SM 32x275 [2xM8] / N42 - magnetic separator

Pros as well as cons of neodymium magnets.

Besides their tremendous strength, neodymium magnets offer the following advantages:

• They have constant strength, and over nearly 10 years their attraction force decreases symbolically – ~1% (in testing),
• Magnets very well defend themselves against loss of magnetization caused by external fields,
• The use of an elegant coating of noble metals (nickel, gold, silver) causes the element to be more visually attractive,
• They show high magnetic induction at the operating surface, which increases their power,
• Made from properly selected components, these magnets show impressive resistance to high heat, enabling them to function (depending on their form) at temperatures up to 230°C and above...
• Considering the option of free molding and adaptation to unique projects, NdFeB magnets can be modeled in a broad palette of forms and dimensions, which makes them more universal,
• Huge importance in future technologies – they find application in computer drives, brushless drives, medical equipment, also multitasking production systems.
• Compactness – despite small sizes they provide effective action, making them ideal for precision applications

What to avoid - cons of neodymium magnets: application proposals

• Susceptibility to cracking is one of their disadvantages. Upon strong impact they can break. We advise keeping them in a steel housing, which not only secures them against impacts but also raises their durability
• NdFeB magnets lose power when exposed to high temperatures. After reaching 80°C, many of them experience permanent weakening of strength (a factor is the shape as well as dimensions of the magnet). We offer magnets specially adapted to work at temperatures up to 230°C marked [AH], which are extremely resistant to heat
• Magnets exposed to a humid environment can corrode. Therefore when using outdoors, we suggest using waterproof magnets made of rubber, plastic or other material protecting against moisture
• Limited ability of producing threads in the magnet and complex shapes - recommended is casing - magnet mounting.
• Health risk to health – tiny shards of magnets can be dangerous, if swallowed, which becomes key in the aspect of protecting the youngest. Furthermore, small components of these magnets are able to disrupt the diagnostic process medical in case of swallowing.
• Due to complex production process, their price is relatively high,

Highest magnetic holding force – what contributes to it?
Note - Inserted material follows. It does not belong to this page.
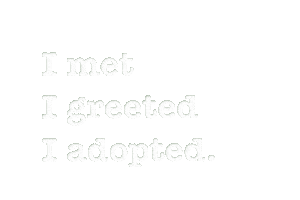 Text Love Sticker by Prairie Paws Animal Shelter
The specified lifting capacity concerns the limit force, obtained under laboratory conditions, specifically:

• on a plate made of structural steel, optimally conducting the magnetic flux
• whose thickness equals approx. 10 mm
• with a surface cleaned and smooth
• under conditions of ideal adhesion (metal-to-metal)
• during detachment in a direction perpendicular to the plane
• at conditions approx. 20°C

Lifting capacity in practice – influencing factors

Holding efficiency is affected by specific conditions, including (from priority):

• Space between magnet and steel – even a fraction of a millimeter of separation (caused e.g. by varnish or dirt) drastically reduces the magnet efficiency, often by half at just 0.5 mm.
• Force direction – remember that the magnet has greatest strength perpendicularly. Under sliding down, the capacity drops drastically, often to levels of 20-30% of the maximum value.
• Element thickness – to utilize 100% power, the steel must be adequately massive. Thin sheet restricts the attraction force (the magnet "punches through" it).
• Chemical composition of the base – low-carbon steel gives the best results. Alloy admixtures reduce magnetic properties and lifting capacity.
• Plate texture – ground elements guarantee perfect abutment, which increases field saturation. Uneven metal reduce efficiency.
• Temperature – temperature increase results in weakening of induction. Check the maximum operating temperature for a given model.

* Lifting capacity testing was performed on a smooth plate of suitable thickness, under perpendicular forces, in contrast under shearing force the holding force is lower. Additionally, even a small distance {between} the magnet and the plate decreases the load capacity.